RE: [DISCUSS] options for XMP parsing?

Posted by "Allison, Timothy B." <ta...@mitre.org>.
Hi Ray,
  Got it.  Thank you.

That'd be great.  In follow up discussion with PDFBox devs, they mentioned that it is not a design feature/restriction on XMPBox that it doesn't handle non PDF/A files...only a matter of patching and building out their current code base.   The downside is there's quite a bit to do, the upside is that it is a living code base.

I'll experiment with Adobe's xmp-core.  If you have any pointers/examples, let me know...I'll be starting with: https://indisnip.wordpress.com/2010/08/17/extract-metadata-with-adobe-xmp-part-2/. You've been happy with it at Alfresco? 

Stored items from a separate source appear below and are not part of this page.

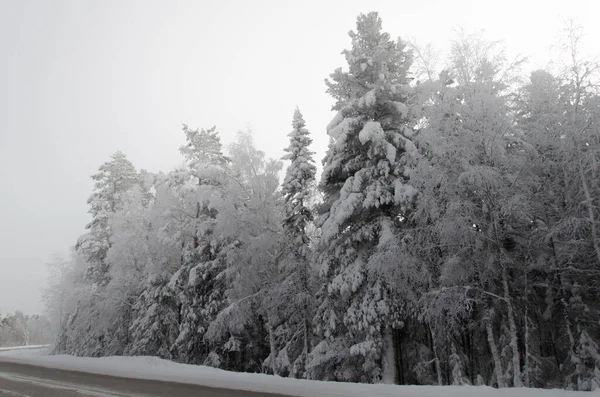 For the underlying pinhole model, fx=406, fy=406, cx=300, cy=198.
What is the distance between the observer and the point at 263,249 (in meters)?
20.5

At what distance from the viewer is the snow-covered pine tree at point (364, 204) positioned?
14.3 meters

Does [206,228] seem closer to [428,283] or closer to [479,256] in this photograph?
[428,283]

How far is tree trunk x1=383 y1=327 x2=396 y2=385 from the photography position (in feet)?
46.6

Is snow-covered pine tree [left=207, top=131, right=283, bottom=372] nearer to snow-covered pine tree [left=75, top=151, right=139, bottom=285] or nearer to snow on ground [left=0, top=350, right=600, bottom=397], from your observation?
snow on ground [left=0, top=350, right=600, bottom=397]

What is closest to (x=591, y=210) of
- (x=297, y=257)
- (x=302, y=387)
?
(x=302, y=387)

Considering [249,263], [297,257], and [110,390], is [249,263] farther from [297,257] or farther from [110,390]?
[110,390]

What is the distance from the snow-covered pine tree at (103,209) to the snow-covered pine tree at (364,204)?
2021 cm

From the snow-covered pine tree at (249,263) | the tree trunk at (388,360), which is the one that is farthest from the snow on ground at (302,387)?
the snow-covered pine tree at (249,263)

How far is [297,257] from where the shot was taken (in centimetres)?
2025

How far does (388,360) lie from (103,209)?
2621cm

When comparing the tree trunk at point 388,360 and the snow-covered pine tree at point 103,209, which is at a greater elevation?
the snow-covered pine tree at point 103,209

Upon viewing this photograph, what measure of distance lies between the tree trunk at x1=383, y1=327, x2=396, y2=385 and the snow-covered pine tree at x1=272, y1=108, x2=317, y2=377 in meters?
5.56

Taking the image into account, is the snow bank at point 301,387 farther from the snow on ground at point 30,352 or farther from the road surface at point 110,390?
the snow on ground at point 30,352

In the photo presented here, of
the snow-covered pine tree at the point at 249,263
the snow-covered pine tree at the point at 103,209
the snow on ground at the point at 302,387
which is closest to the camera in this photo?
the snow on ground at the point at 302,387
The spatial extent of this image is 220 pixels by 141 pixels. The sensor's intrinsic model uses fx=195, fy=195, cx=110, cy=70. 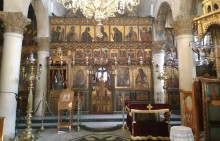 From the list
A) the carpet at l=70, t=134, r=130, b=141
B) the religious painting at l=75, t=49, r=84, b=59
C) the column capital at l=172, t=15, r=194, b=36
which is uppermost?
the column capital at l=172, t=15, r=194, b=36

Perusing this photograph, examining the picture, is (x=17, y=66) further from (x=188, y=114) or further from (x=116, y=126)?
(x=188, y=114)

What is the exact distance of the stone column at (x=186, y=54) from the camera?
24.3ft

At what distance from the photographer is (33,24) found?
40.9 ft

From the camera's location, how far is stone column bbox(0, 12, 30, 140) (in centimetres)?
646

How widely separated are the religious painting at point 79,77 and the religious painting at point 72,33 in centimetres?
183

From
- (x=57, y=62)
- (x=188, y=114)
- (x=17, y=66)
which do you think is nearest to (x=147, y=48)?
(x=57, y=62)

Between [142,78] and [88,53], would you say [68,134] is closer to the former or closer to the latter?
[88,53]

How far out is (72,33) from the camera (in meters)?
12.3

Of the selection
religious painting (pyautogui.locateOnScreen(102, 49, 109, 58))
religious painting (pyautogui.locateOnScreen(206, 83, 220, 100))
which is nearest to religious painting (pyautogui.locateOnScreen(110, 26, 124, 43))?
religious painting (pyautogui.locateOnScreen(102, 49, 109, 58))

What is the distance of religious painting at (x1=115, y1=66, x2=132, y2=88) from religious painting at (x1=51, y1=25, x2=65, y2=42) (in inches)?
160

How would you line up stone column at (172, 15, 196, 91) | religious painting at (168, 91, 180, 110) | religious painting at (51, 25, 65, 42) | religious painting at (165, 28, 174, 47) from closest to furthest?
stone column at (172, 15, 196, 91) → religious painting at (168, 91, 180, 110) → religious painting at (51, 25, 65, 42) → religious painting at (165, 28, 174, 47)

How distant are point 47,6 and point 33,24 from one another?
173cm

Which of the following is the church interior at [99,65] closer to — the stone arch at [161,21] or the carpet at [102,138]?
the stone arch at [161,21]

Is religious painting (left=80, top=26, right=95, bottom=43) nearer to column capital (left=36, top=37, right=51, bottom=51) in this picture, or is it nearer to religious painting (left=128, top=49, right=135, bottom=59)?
column capital (left=36, top=37, right=51, bottom=51) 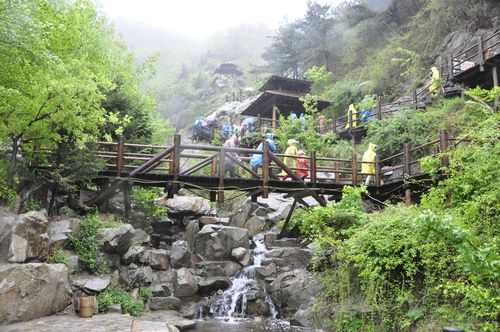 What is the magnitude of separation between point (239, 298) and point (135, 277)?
342cm

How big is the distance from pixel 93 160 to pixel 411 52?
76.1 ft

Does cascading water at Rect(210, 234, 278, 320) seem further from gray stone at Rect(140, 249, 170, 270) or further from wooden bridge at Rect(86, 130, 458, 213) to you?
wooden bridge at Rect(86, 130, 458, 213)

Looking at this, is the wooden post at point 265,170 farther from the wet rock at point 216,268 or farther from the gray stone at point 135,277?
the gray stone at point 135,277

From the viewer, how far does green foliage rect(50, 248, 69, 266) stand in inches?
419

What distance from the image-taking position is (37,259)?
1009 cm

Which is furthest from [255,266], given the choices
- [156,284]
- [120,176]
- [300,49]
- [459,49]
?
[300,49]

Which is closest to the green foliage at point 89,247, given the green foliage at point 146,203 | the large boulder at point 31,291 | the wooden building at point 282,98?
the large boulder at point 31,291

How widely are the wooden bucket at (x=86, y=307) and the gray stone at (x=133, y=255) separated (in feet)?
9.55

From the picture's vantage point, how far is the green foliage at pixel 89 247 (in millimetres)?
11547

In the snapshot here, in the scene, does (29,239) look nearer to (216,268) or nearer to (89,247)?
(89,247)

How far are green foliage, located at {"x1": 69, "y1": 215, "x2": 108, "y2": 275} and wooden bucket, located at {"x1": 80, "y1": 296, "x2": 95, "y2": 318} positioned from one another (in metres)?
1.63

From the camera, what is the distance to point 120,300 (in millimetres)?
11281

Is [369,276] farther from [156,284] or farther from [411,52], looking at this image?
[411,52]

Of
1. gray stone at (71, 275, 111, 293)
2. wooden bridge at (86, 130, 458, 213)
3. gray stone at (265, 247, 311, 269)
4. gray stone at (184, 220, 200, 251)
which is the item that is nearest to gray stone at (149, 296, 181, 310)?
gray stone at (71, 275, 111, 293) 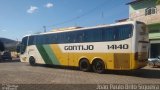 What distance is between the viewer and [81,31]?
19.5 meters

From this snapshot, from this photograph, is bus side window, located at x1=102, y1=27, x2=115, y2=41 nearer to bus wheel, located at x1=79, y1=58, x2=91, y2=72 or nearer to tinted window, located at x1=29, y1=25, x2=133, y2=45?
tinted window, located at x1=29, y1=25, x2=133, y2=45

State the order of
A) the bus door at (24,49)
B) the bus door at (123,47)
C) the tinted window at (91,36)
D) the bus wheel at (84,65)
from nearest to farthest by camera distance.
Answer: the bus door at (123,47)
the tinted window at (91,36)
the bus wheel at (84,65)
the bus door at (24,49)

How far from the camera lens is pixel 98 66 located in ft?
59.7

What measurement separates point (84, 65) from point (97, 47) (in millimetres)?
1929

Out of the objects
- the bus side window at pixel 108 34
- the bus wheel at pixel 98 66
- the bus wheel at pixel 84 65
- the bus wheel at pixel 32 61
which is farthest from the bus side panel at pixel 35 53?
the bus side window at pixel 108 34

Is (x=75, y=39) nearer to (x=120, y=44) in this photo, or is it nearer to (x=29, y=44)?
(x=120, y=44)

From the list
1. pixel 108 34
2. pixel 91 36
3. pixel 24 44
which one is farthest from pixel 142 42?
pixel 24 44

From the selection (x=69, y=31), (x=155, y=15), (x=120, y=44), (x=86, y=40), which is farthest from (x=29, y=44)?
(x=155, y=15)

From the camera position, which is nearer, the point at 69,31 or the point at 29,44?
the point at 69,31

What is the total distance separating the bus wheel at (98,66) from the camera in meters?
17.9

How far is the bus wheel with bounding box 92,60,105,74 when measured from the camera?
17.9 meters

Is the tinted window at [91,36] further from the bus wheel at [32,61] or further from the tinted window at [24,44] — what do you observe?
the tinted window at [24,44]

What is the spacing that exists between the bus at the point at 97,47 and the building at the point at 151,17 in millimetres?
15491

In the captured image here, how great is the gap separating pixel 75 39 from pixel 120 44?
439 centimetres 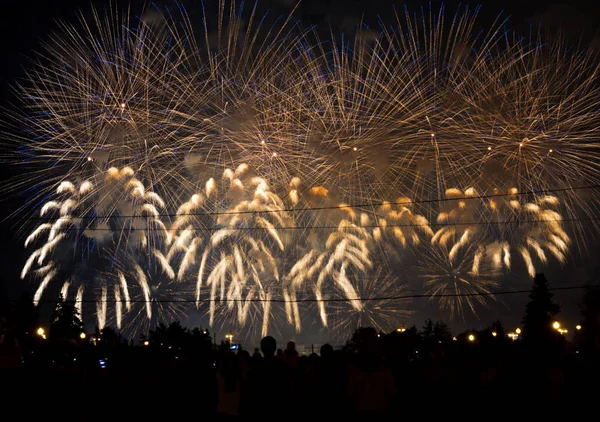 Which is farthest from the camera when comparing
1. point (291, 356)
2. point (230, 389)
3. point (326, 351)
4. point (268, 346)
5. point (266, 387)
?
point (291, 356)

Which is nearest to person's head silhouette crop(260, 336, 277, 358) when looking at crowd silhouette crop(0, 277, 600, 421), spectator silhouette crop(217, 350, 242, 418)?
crowd silhouette crop(0, 277, 600, 421)

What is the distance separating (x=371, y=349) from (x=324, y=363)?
2342 millimetres

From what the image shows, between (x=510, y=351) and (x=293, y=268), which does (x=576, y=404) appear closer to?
(x=510, y=351)

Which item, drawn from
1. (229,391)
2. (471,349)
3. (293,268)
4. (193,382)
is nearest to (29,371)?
(193,382)

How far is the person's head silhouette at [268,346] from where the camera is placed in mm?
9475

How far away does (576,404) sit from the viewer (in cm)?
1036

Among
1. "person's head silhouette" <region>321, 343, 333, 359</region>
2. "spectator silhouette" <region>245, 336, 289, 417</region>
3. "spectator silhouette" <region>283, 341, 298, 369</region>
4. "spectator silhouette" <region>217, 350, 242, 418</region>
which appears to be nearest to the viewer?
"spectator silhouette" <region>217, 350, 242, 418</region>

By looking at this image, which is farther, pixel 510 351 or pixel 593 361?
pixel 593 361

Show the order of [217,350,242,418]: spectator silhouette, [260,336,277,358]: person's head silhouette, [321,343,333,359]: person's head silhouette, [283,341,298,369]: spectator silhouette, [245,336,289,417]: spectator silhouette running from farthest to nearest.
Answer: [283,341,298,369]: spectator silhouette < [321,343,333,359]: person's head silhouette < [260,336,277,358]: person's head silhouette < [245,336,289,417]: spectator silhouette < [217,350,242,418]: spectator silhouette

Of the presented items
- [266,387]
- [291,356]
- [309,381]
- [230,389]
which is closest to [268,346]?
[266,387]

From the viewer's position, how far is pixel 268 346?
9539 millimetres

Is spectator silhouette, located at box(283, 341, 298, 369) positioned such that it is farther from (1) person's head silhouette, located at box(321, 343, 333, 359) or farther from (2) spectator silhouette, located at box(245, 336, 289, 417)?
(2) spectator silhouette, located at box(245, 336, 289, 417)

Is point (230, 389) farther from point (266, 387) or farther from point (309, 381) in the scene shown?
point (309, 381)

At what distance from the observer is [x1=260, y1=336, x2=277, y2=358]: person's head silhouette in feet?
31.1
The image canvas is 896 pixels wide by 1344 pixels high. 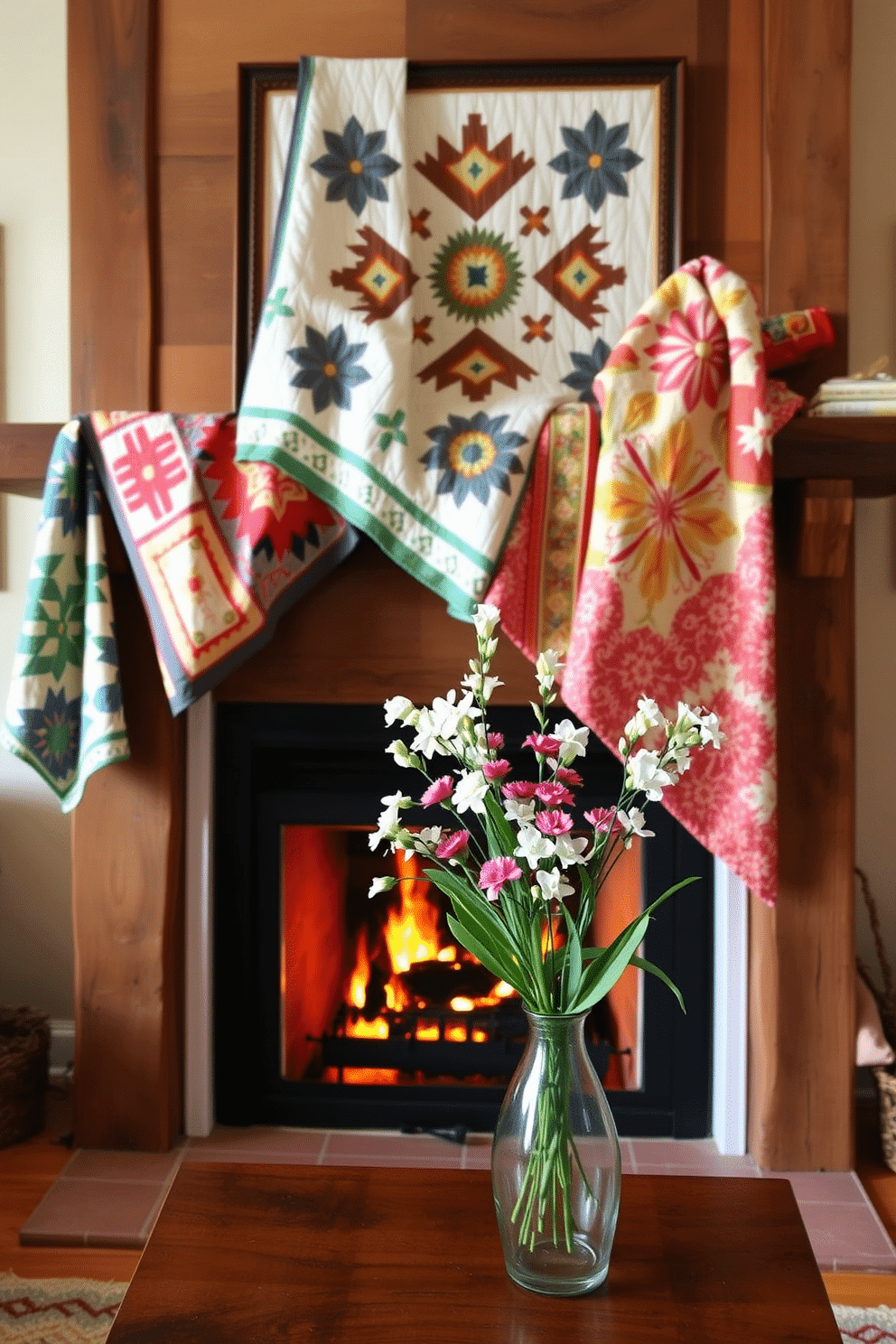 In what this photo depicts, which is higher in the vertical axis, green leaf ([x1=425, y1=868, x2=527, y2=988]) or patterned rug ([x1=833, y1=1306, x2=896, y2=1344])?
green leaf ([x1=425, y1=868, x2=527, y2=988])

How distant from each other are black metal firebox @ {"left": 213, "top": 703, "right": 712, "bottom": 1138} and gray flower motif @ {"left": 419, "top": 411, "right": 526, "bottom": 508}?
439mm

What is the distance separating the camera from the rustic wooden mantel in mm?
2105

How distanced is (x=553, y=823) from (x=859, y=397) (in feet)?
4.04

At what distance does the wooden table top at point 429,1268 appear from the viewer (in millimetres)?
1084

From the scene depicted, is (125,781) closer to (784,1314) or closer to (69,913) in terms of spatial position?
(69,913)

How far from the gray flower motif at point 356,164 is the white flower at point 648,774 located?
1.39m

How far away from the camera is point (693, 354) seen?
197 cm

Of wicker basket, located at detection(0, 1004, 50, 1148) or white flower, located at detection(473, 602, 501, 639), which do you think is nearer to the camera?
white flower, located at detection(473, 602, 501, 639)

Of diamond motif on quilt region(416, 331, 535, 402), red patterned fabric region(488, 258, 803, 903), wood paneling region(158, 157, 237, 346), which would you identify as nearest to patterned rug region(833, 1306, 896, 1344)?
red patterned fabric region(488, 258, 803, 903)

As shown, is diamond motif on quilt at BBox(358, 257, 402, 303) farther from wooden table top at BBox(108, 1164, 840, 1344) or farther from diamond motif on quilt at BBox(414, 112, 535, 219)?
wooden table top at BBox(108, 1164, 840, 1344)

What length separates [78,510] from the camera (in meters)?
2.09

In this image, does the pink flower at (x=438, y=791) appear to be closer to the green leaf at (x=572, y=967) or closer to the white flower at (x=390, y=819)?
the white flower at (x=390, y=819)

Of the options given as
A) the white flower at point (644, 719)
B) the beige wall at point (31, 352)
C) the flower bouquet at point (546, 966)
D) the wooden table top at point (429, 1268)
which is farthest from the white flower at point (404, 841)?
the beige wall at point (31, 352)

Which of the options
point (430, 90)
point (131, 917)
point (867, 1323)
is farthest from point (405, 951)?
point (430, 90) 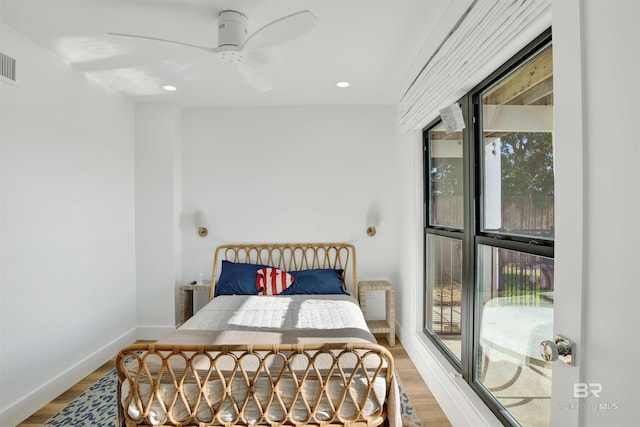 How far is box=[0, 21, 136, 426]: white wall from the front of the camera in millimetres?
2277

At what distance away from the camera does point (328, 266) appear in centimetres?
384

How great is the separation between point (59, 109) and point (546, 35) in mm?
3226

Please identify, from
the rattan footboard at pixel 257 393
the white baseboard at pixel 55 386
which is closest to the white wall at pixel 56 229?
the white baseboard at pixel 55 386

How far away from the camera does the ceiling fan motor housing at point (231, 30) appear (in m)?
2.03

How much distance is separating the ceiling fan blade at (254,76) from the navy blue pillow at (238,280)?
1805 millimetres

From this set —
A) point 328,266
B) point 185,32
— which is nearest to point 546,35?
point 185,32

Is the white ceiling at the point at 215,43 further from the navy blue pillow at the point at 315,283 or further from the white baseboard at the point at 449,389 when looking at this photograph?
the white baseboard at the point at 449,389

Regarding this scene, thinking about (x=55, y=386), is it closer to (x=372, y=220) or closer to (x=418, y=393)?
(x=418, y=393)

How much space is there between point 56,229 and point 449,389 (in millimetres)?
3085

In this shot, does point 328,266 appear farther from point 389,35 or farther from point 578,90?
point 578,90

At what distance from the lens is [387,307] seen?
3.64 metres

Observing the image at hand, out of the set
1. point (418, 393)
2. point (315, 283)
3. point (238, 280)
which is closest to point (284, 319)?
point (315, 283)

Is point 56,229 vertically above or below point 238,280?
above

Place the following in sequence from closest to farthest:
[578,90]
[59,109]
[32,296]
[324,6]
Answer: [578,90] → [324,6] → [32,296] → [59,109] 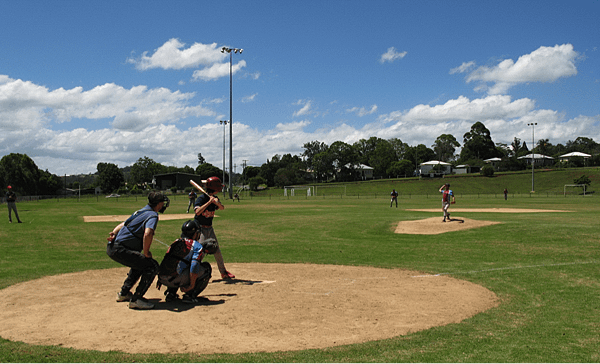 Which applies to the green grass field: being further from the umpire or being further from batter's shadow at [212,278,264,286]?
batter's shadow at [212,278,264,286]

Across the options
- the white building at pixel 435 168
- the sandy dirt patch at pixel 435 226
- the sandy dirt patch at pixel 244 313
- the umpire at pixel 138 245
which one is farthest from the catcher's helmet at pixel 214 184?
the white building at pixel 435 168

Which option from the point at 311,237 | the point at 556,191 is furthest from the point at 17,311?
the point at 556,191

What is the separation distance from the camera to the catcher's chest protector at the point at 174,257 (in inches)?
286

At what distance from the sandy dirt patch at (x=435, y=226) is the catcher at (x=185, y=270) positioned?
14080 mm

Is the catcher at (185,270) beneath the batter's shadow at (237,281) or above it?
above

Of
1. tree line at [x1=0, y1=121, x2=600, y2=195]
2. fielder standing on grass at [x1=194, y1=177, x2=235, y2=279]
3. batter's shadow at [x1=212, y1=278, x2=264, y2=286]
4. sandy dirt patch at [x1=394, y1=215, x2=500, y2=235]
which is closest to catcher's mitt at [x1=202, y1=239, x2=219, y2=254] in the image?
fielder standing on grass at [x1=194, y1=177, x2=235, y2=279]

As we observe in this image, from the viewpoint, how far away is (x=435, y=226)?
20.6 metres

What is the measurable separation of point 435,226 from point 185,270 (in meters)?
15.7

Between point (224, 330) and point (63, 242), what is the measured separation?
13.9 m

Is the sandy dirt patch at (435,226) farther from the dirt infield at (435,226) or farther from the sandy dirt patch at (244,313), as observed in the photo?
the sandy dirt patch at (244,313)

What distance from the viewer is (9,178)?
314 ft

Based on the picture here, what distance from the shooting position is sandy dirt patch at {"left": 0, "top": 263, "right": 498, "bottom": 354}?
5641 mm

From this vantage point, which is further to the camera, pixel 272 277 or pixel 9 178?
pixel 9 178

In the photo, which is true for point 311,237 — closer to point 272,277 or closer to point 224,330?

No matter which package we use, it would be nice to build out uniform extraction of XMP for all image and PDF files for the common elements -- with special handling by file type if necessary.  As you mentioned, it would also be great to add or modify our XMPScanner to extract all XMP packets from a file...I've started dabbling with this here: https://github.com/tballison/tika/tree/xmp_scanner .  I'd be interested to hear more about what happens with InDesign files. In our own test set, we have a PDF file with two packets containing conflicting authorship info IIRC! :)  It would be nice to expose both the canonical XMP info (with proper processing of "later-xmp-overrides-earlier") as well as all of the info that can be scraped from the XMP (packet1: authorXYZ packet2: authorQRS)...two different use cases.

Thank you, again.

             Cheers,

                   Tim 




-----Original Message-----
From: Ray Gauss [mailto:ray.gauss@alfresco.com] 
Sent: Tuesday, March 08, 2016 2:34 PM
To: dev@tika.apache.org
Subject: Re: [DISCUSS] options for XMP parsing?

To clarify... the 'we' in my third sentence was referring to Alfresco, not Tika.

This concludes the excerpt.